## Supplied information
>>

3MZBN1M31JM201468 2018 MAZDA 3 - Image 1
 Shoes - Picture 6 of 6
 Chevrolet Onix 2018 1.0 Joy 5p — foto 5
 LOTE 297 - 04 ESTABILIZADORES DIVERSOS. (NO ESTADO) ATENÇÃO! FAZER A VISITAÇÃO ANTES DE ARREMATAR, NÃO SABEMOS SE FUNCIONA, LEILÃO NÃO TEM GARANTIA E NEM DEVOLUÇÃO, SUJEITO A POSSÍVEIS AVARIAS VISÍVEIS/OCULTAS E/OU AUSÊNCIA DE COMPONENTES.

<<

## To do
Your task is to write out, exactly, the line that contains "Chevrolet Onix 2018 1.0 Joy 5p — foto 5" and each line after it to the end of the data, with no other lines.

## Reply
 Chevrolet Onix 2018 1.0 Joy 5p — foto 5
 LOTE 297 - 04 ESTABILIZADORES DIVERSOS. (NO ESTADO) ATENÇÃO! FAZER A VISITAÇÃO ANTES DE ARREMATAR, NÃO SABEMOS SE FUNCIONA, LEILÃO NÃO TEM GARANTIA E NEM DEVOLUÇÃO, SUJEITO A POSSÍVEIS AVARIAS VISÍVEIS/OCULTAS E/OU AUSÊNCIA DE COMPONENTES.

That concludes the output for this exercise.